Portera's marketing materials show off its 12,000 square feet of amenity space, including a putting green and a 6,000-square-foot sky deck. "The amenity package is higher than conventional in a typical multifamily product," says Daniels. "The only thing we don't have is a swimming pool."
The apartments also show off high-end finishes. "They're more condo-quality than other apartment or seniors housing properties in the area," Daniels adds.
Bozzuto Group, based in Greenbelt, Md., isn't content to focus just on marketing its properties individually. Rather, the developer plans to emphasize the entire brand in creating a new line of boomer-targeted rental apartment properties, the first of which will be built in Valley Forge, Pa.
Company president Toby Bozzuto has hired IDEO, one of the leading branding companies in the U.S., to help the developer name the new line of properties and create an identity for them. "The concept of brand in our industry hasn't been pushed as far as it can go," says Bozzuto.
IDEO will also help Bozzuto identify how its rental communities could lure boomers out of their single-family homes.
Mixing Boomers and Millennials
When wooing boomers away from homeownership, apartment operators may find the demographic isn't averse to a mixed crowd; many renters over 50 prefer communities with residents of various ages.
"Consumers are aspirational," says Bozzuto. "Millennials want to feel they've arrived, and baby boomers want to feel younger. To only be building for millennials is to be ignoring half the equation."
Alliance Residential Co. is likely to agree, having attracted many baby boomers to its Broadstone Koi property in Seattle. "I was very surprised when I walked through there," says Rachel Davidson, director of revenue and sales at Phoenix-based Alliance. "It was refreshing to see that we really ran the gamut of ages."
These boomers truly enjoy living in a building with younger residents. "People assume they want to be separated, but they really appreciate the energy," says Davidson.
Boomers at Broadstone Koi also embrace modern trends their millennial counterparts enjoy, such as telecommuting. "We see just as many 55-year-old executives in the lobby utilizing the [business] space," says Davidson.
To help the company serve customers with different needs and ages, Alliance takes a "consultative" approach to leasing.
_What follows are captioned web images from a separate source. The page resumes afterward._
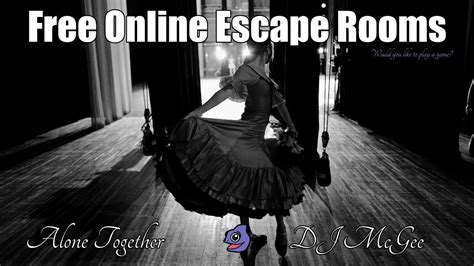 Escape Room! Enchambered: Alone Together and Clue Cracker: The Disappearance of DJ McDee - YouTube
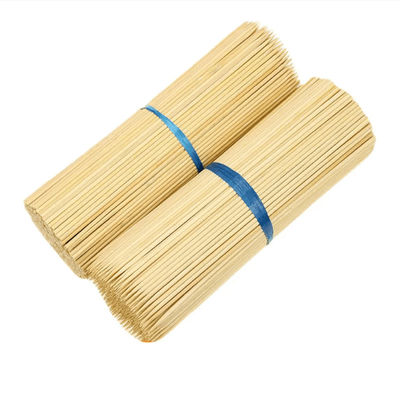 50cm de longitud Espigas de bambú para asar resistente al calor a prueba de humedad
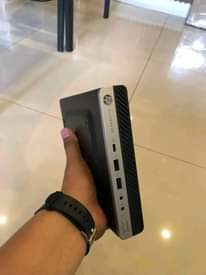 A picture of Hp elitedesk G4 800 cpu on sale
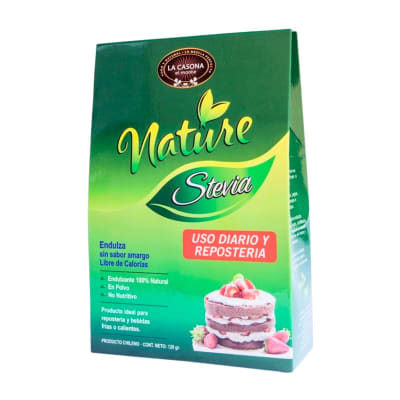 Nature Stevia En Polvo Para Reposteria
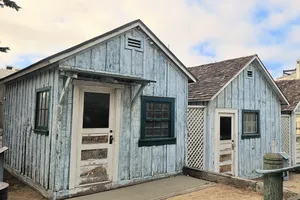Cannery Workers’ Shacks in Monterey, California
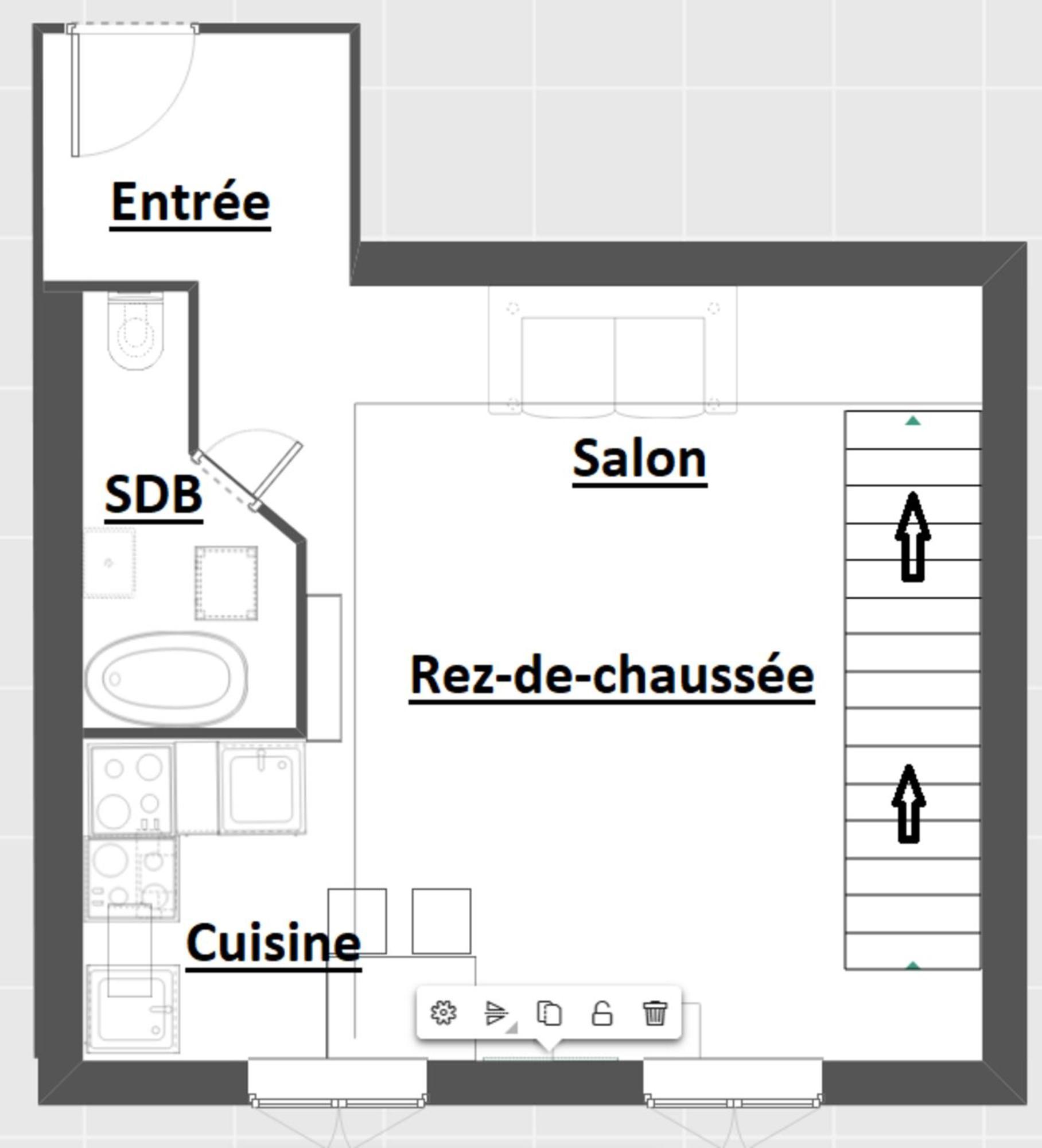 Loft 8 Lägenhet Douai Exteriör bild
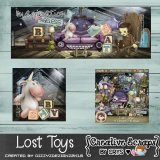 Lost Toys FB Timeline Set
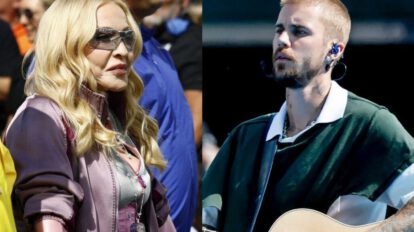 Madonna y Justin Bieber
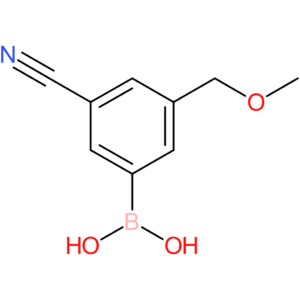 (3-cyano-5-(methoxymethyl)phenyl)boronic acid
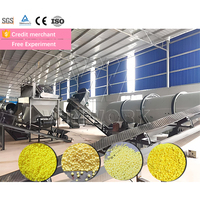 WINWORK Équipement de production d'urée, équipement d'application d'engrais à libération lente, ligne de production de soufre à base de soufre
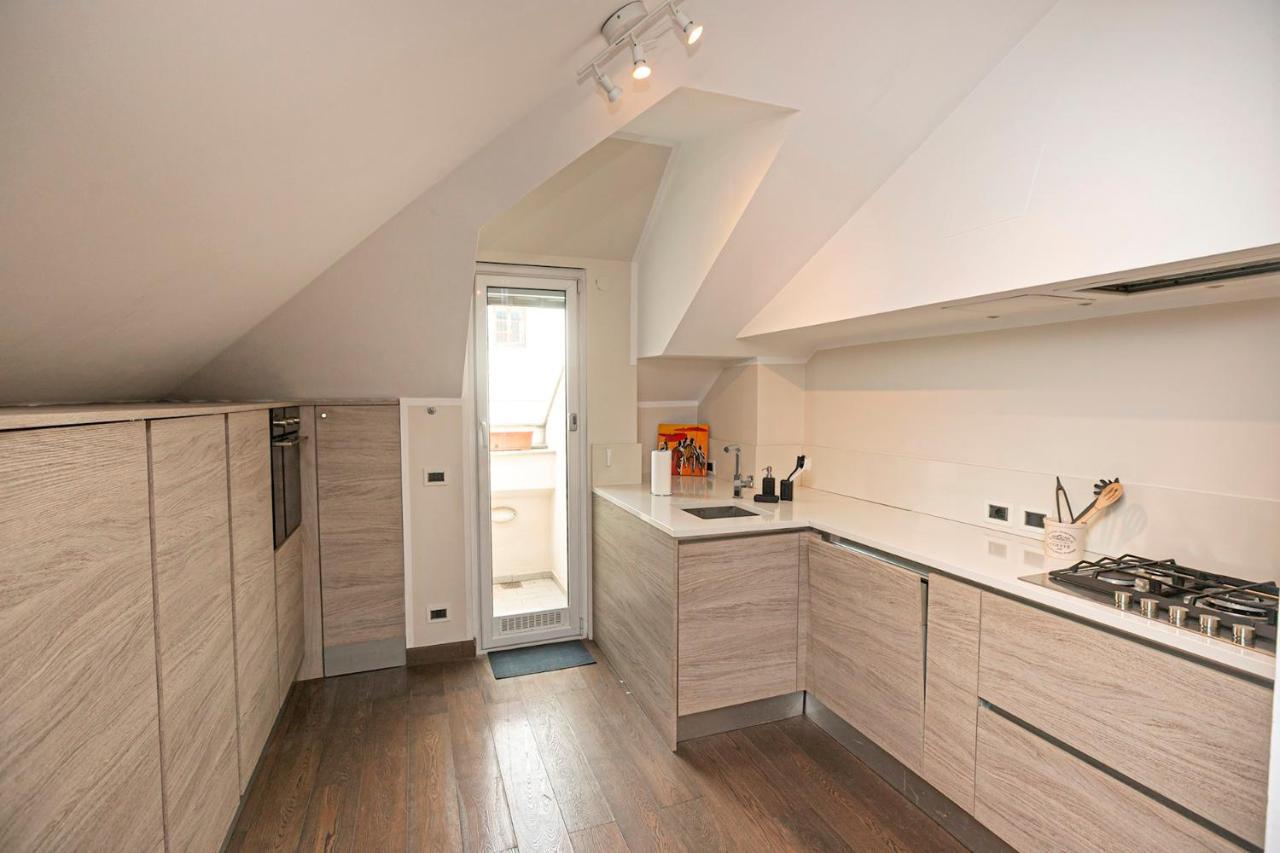 Apartament Real Italian Estate - Penthouse Genua Zewnętrze zdjęcie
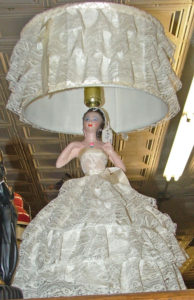 TV lamp - bride - beautiful - Bahoukas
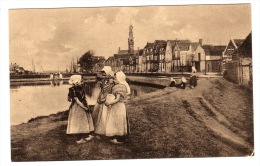 VEERE - Kade Te Veere - COSTUMES - Ed. F. B. Den Boer, Middelburg - Veere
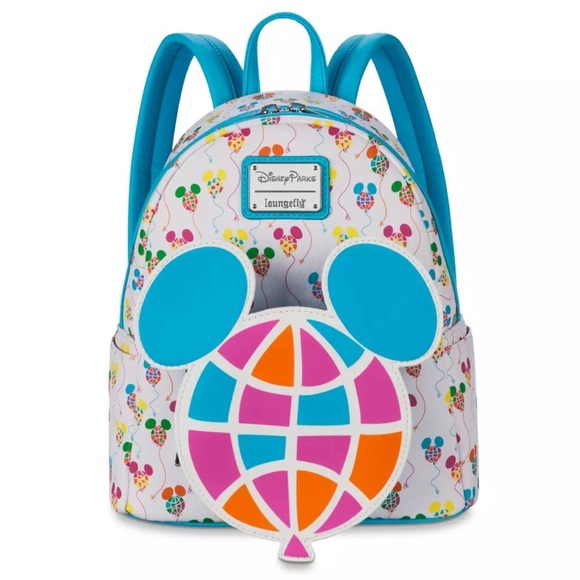 Disney Handbags - Disney Mickey Mouse Balloon Loungefly Backpack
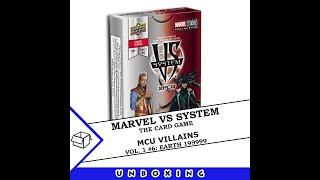 Marvel VS System MCU Villains Vol 1 #6 Earth 199999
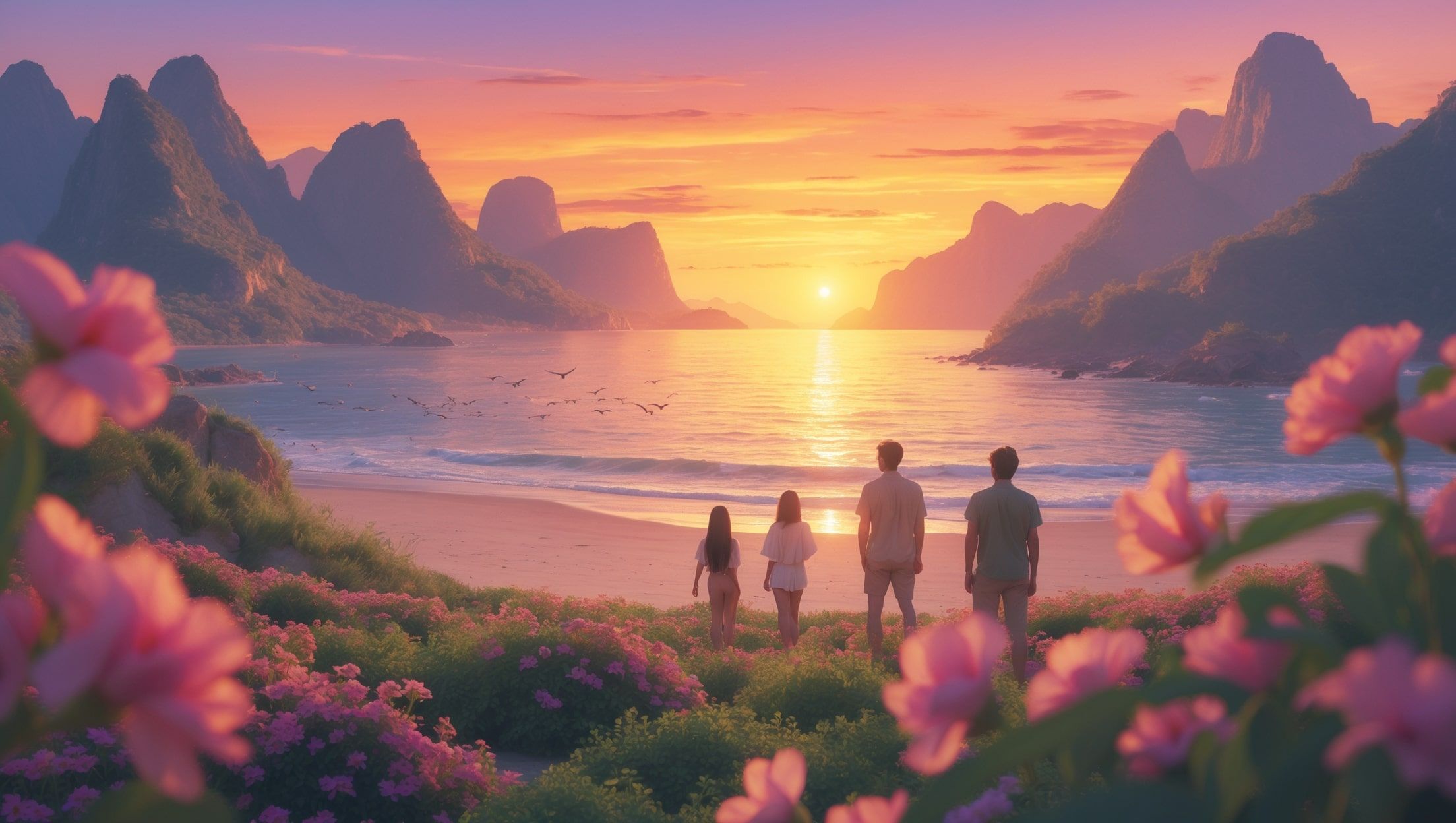 دنیا کے بہترین مقامات غروب آفتاب دیکھنے کے لیے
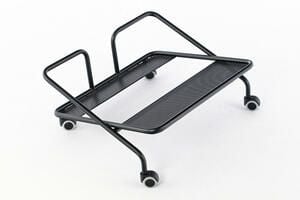 Optional kann der Stuhlwagen für unsere Lurano Stühle mitbestellt werden Optional kann der Stuhlwagen für unsere Lurano Stühle mitbestellt werden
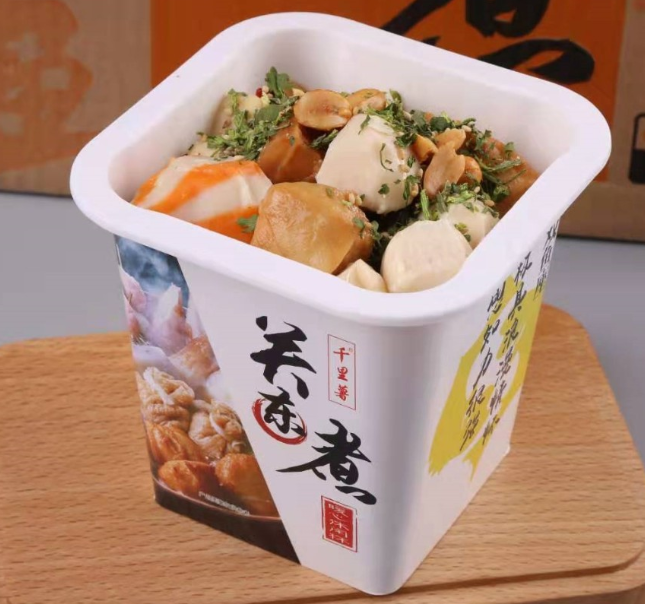 [HCM]Lẩu cốc Full Topping ???????? - Lẩu viên cay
That means spending more time to get to know individual prospective residents and finding out what they need, as if the leasing team were consultants working for the renter.
"Our sales experience needs to be relevant to them," says Davidson. "We need to get to know them in ways that are more meaningful than before."
This approach helps the leasing staff focus on the features and amenities that prospects actually care about.
Though they may enjoy some of the same communities and amenities, the paths boomers and millennials take to get to them can differ significantly.
Boomers, for example, can take much longer to decide to move—often for the simple reason that they may have been living in the same home for quite some time, with a significant amount of furniture and other possessions to deal with.
"They're much more thoughtful about the decision [to move]," says Davidson.
Boomers are also likely to pay several visits to an apartment development before they're willing to commit. "One we gain their initial interest, it's a much more intensive process of selling," says Holland's McDonald.
However, when boomers do finally decide to sign a lease, they can move quickly. "Their decision is much less influenced by others when they know they're ready," says Davidson.
In contrast, millennials often bring friends and family to see an apartment they're seriously considering—in addition to sometimes posting photos on Facebook.
Boomers can also require more personal attention from property owners after move-in. "Once they're customers, they require a lot more communication and a lot more face-to-face time," says Davidson.
And when it comes to renewing a lease, millennials are more likely to complete the whole transaction by e-mail or chat. "Baby boomers are going to want to come down and talk it through with you," says Davidson.
Diverse, sophisticated, and thoughtful—traits that describe not only baby boomers themselves but the marketing approach best likely to win their hearts.